On-device vs cloud transcription, picked apart
The transcription stack you pick shapes the product on top of it. Cloud ASR — Deepgram, AssemblyAI, OpenAI's transcription endpoints — has been the default for five years because cloud GPUs run frontier models and the SDKs are tidy. On-device ASR on Apple Silicon was a curiosity for years and is suddenly competitive. This post is the side-by-side, with no sponsor.
The honest scoreboard
Cloud wins on three things: model size (you can run a 1.5 B parameter Whisper variant or a 6 B model without trouble), language coverage (100+ in the major commercial models), and the ability to ship a model upgrade without an app update. On-device wins on four things: latency, privacy posture, network independence, and total cost.
Everything below the surface is a trade between those two columns. Which side wins depends entirely on the shape of the product. We picked on-device for MeetPing; we would have picked cloud for a multilingual call-centre product.
Latency, in real numbers
On-device on the Apple Neural Engine (Parakeet TDT v3 via FluidAudio): first partial in ~1.4 s of wall-clock, consistent across network conditions. Subsequent partials arrive every ~80 ms.
Cloud streaming endpoint: best case ~80 ms round-trip within a region plus 100-300 ms of server-side chunking, so the first partial lands in 200-400 ms. Sounds like on-device loses — but those numbers are conditional on a good connection. Hotel wifi, mobile network, or a coffee shop add 200-500 ms unpredictably, and a dropped chunk forces a re-send.
For a post-meeting transcript, neither latency profile matters. For a live keyword alert, the variance is what kills cloud — a tool that fires inside two seconds at home and inside seven on a train is not actually a tool. See why on-device ASR matters for the longer version.
↳ pull quoteCloud is faster on a good network and slower on a bad one. On-device is the same speed everywhere. Which one wins depends on whether your product can tolerate the variance.
Privacy and the IT-team layer
Cloud ASR providers will tell you they do not train on your data and they encrypt at rest. Both are true. Neither one is what the security review is actually asking. The question that determines whether the tool ships inside a company is: "where does the audio go." If the answer is "to a third party," there is a DPA, a SOC 2 question, a regional-residency clause, and three weeks of back-and-forth with legal. If the answer is "nowhere — it stays on the laptop and ages out of RAM," there is no question to answer.
This is not theoretical. MeetPing has been through three IT reviews and cleared all three on the first round because the on-device posture removes the surface area the review was about. See the on-device privacy feature page for what the audit posture looks like in practice.
Cost, end-to-end
Cloud streaming ASR pricing in 2026 sits around $0.30 per audio hour for high-quality streaming endpoints, more for enterprise terms. For a single user in 20 hours of meetings per week, that is $24/month — about $290/year. For a 50-person team, north of $14k/year.
On-device has a fixed cost: the ANE cycles you would have spent anyway. The marginal cost of one more meeting is zero. For a tool sold at $24.90 lifetime, on-device is the only path that makes the unit economics work without a monthly recurring component.
What cloud is genuinely better at
On-device on Apple Silicon today is constrained to what fits on the ANE. That excludes the largest multilingual models and the very newest research models. If your product needs to transcribe Swahili, or you need diarisation on a 12-speaker call, or you want to swap to whatever the frontier ASR model is each month, cloud is the right call.
Cloud also wins on model-update agility. A cloud provider can roll out a new model on Tuesday and every customer gets it on Wednesday.

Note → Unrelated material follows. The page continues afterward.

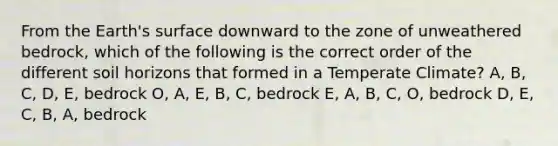 From the Earth's surface downward to the zone of unweathered bedrock, which of the following is the correct order of the different soil horizons that formed in a Temperate Climate? A, B, C, D, E, bedrock O, A, E, B, C, bedrock E, A, B, C, O, bedrock D, E, C, B, A, bedrock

On-device requires shipping an app update — which on Sparkle is straightforward, but still requires the user to install something.
What on-device is genuinely better at
Five things that are hard to do over a network:
- Working with no internet. Cellular dead zones, airplanes, sketchy hotel wifi — the on-device pipeline does not care.

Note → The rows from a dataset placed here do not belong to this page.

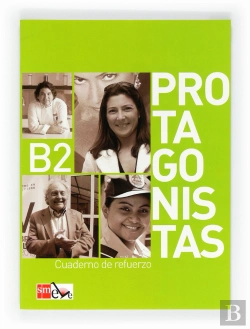 Bertrand.pt - Protagonistas B2. Cuaderno De Refuerzo [Internacional]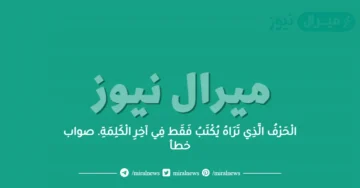 الْحَرْفُ الَّذِي تَرَاهُ يُكْتَبُ فَقَط فِي آخِرِ الْكَلِمَةِ. صواب خطأ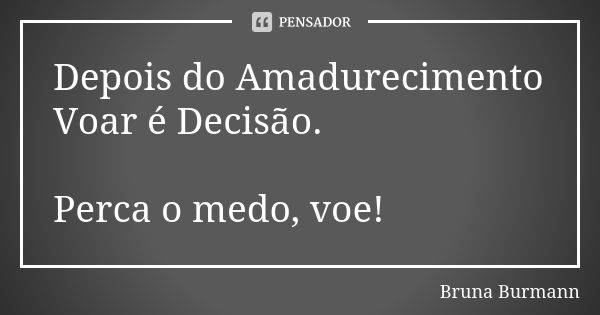 Depois do Amadurecimento Voar é Decisão. Perca o medo, voe!... Frase de Bruna Burmann.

- Sub-two-second alerts. The latency variance on cloud streaming pushes the worst case above the usable threshold.
- Predictable battery. The ANE is power-efficient and constant. A long-lived audio upload connection on bad wifi is not.

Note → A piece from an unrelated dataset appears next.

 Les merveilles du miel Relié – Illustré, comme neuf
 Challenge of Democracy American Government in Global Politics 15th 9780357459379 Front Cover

- Passing IT review. No data leaves the laptop. No DPA. No vendor question.
- Fixed-price product economics. A one-time purchase is only viable if the marginal cost per user-hour is zero.
Which to pick
Decision rule we use when consulting on this: if the product needs to fire alerts in real time, run inside large companies, or sell as a one-time purchase, go on-device. If the product is a post-meeting record of truth, needs heavy multilingual coverage, or runs on a server you control anyway (call-centre ops, podcast pipelines), go cloud. The middle ground — a productivity tool for individuals — usually breaks toward on-device because the privacy posture sells the install. See MeetPing vs Granola for a worked example of the shape difference in the same category.
The take
The cloud-vs-on-device choice in 2026 is not a quality choice — both are very good. It is a product-shape choice. Pick the side whose strengths match the thing you are building. For MeetPing the answer was on-device and it would still be on-device if we restarted today.